Assigned task: In the material below, find the line containing "Thumbnail: 2018 Chevrolet Equinox - 18" and the line containing "Interior 1 Coastal", then reproduce exactly both of them and every line between, and nothing else.

Input material:

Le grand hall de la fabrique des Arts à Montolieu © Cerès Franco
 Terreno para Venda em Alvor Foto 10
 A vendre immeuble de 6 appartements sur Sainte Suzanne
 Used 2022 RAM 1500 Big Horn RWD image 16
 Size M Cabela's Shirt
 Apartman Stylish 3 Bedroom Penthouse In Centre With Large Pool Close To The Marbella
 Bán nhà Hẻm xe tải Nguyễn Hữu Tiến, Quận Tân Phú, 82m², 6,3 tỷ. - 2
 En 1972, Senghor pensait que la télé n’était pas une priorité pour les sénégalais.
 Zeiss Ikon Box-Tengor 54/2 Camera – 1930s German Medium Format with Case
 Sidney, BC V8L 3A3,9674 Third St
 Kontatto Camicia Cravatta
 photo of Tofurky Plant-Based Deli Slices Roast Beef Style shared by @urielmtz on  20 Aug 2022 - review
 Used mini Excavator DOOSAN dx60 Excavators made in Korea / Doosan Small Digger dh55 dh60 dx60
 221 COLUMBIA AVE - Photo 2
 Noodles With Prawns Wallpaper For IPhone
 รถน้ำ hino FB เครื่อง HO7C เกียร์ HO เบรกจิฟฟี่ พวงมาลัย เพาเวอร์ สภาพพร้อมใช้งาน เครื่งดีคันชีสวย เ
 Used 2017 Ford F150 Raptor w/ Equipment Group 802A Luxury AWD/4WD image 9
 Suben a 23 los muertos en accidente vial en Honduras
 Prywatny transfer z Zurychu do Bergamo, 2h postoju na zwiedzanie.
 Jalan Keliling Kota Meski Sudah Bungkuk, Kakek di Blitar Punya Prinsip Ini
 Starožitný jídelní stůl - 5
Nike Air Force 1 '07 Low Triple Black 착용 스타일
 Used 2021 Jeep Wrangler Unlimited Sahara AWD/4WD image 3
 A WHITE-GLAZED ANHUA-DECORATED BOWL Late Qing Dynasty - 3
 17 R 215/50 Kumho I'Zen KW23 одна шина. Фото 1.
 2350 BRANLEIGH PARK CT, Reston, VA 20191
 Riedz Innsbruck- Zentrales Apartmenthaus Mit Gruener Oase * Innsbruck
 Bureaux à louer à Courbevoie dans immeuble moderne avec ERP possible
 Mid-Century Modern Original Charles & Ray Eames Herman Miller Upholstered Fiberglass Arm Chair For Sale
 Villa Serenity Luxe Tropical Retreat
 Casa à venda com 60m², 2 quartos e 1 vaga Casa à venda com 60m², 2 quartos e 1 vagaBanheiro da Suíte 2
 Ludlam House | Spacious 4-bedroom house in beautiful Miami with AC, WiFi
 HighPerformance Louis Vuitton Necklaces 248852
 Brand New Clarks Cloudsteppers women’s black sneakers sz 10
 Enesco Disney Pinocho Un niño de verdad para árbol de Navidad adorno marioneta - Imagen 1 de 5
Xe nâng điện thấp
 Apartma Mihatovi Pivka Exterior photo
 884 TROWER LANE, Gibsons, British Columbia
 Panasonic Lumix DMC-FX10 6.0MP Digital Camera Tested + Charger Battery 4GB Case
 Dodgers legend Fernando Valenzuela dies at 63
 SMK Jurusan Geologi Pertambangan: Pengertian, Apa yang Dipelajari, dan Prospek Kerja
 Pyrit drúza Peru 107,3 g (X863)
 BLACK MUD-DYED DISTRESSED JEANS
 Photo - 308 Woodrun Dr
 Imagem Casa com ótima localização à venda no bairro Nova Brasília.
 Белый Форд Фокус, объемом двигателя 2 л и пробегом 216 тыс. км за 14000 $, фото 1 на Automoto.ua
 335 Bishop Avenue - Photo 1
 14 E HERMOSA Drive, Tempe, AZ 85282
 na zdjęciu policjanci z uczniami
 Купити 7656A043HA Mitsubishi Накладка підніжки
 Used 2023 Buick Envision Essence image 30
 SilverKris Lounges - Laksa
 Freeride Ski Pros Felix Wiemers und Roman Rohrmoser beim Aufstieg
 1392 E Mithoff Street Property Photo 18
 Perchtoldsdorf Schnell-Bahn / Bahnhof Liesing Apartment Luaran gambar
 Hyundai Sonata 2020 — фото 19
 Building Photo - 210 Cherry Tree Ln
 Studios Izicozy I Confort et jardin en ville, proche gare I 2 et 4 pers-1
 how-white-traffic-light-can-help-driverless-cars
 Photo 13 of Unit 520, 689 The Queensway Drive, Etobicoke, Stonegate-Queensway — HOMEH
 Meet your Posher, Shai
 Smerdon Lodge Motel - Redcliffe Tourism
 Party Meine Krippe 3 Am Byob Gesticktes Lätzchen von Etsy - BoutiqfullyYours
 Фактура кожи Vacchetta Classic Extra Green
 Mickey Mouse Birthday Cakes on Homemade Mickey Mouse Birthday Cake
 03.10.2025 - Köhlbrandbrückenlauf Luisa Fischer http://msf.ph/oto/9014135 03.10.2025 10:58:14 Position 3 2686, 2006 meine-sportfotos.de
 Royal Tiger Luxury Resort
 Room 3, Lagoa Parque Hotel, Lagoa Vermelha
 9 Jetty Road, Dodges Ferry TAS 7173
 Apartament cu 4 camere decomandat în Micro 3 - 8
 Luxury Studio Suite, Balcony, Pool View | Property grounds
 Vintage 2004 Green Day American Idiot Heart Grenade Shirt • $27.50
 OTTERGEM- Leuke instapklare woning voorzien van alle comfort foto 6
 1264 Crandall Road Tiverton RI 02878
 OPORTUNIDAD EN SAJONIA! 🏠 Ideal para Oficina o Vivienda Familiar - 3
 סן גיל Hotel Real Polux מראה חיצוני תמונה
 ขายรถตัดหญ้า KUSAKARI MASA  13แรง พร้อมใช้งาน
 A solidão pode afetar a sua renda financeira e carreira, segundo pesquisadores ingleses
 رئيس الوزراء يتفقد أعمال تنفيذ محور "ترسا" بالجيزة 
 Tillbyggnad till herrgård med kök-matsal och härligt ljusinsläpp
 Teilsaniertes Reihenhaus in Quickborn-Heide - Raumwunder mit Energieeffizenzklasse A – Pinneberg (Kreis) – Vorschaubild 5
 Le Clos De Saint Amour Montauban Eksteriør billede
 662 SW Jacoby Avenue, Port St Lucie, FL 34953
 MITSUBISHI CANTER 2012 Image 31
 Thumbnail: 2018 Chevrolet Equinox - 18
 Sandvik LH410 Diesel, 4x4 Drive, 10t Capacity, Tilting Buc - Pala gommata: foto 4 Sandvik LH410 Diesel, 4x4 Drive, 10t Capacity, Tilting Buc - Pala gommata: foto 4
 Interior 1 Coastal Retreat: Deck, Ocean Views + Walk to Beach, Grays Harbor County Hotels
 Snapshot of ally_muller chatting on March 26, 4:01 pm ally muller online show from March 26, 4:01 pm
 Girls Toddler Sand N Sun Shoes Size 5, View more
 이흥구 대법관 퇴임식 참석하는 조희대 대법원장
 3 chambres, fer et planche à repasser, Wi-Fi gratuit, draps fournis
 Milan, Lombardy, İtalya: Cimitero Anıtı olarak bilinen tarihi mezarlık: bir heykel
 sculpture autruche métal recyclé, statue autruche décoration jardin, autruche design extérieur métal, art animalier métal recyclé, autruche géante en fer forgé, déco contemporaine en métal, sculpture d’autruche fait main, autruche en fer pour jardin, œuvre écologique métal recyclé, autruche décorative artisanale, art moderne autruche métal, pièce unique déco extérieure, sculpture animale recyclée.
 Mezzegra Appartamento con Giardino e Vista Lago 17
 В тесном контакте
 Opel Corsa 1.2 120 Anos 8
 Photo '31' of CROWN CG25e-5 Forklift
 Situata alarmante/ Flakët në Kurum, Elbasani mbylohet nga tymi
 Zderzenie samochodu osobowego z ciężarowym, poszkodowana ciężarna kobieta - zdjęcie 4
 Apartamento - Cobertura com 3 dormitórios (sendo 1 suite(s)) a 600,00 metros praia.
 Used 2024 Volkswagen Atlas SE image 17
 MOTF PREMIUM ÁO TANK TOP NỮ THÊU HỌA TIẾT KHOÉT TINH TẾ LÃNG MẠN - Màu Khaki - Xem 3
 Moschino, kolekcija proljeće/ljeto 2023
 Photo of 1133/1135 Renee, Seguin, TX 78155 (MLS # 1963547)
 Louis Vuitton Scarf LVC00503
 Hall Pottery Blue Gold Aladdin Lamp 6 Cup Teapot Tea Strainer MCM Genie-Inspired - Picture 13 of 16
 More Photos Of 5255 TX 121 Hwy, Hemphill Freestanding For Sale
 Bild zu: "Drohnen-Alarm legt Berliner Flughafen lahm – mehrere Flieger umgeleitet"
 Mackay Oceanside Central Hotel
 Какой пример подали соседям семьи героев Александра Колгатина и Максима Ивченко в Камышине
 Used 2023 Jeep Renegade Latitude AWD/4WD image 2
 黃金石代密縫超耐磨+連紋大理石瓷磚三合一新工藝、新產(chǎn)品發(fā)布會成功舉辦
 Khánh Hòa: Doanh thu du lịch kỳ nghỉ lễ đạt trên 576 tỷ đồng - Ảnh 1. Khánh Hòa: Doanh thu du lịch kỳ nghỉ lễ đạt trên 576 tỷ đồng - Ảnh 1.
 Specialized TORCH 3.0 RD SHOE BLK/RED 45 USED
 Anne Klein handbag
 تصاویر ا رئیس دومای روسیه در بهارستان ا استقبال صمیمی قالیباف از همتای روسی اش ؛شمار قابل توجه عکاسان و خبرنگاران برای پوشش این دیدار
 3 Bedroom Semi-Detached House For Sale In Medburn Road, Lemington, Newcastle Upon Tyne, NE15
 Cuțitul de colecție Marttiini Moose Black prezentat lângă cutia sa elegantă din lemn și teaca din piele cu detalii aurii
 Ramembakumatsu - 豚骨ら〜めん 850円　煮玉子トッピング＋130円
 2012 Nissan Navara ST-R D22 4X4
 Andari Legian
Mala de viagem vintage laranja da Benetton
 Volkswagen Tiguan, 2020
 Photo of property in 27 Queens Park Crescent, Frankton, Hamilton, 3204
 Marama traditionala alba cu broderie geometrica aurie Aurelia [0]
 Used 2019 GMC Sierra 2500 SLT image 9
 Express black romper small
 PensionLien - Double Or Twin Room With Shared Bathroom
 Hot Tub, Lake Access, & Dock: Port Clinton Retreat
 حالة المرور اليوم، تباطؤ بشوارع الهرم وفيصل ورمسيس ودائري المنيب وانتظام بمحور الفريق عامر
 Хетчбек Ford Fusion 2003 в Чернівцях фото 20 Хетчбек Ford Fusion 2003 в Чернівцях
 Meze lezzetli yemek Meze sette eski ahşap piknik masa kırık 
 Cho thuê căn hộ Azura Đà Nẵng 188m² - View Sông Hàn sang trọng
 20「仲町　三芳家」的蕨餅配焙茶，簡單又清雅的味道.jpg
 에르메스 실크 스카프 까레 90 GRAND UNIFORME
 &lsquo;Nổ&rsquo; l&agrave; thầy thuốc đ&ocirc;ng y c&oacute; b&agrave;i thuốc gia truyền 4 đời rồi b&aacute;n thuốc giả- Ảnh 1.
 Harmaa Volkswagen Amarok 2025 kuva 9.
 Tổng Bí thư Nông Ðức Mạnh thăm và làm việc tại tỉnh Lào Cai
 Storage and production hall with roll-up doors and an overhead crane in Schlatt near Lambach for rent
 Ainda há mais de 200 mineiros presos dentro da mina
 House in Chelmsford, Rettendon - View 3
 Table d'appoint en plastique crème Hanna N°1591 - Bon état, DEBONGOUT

Exercise answer:
 Thumbnail: 2018 Chevrolet Equinox - 18
 Sandvik LH410 Diesel, 4x4 Drive, 10t Capacity, Tilting Buc - Pala gommata: foto 4 Sandvik LH410 Diesel, 4x4 Drive, 10t Capacity, Tilting Buc - Pala gommata: foto 4
 Interior 1 Coastal Retreat: Deck, Ocean Views + Walk to Beach, Grays Harbor County Hotels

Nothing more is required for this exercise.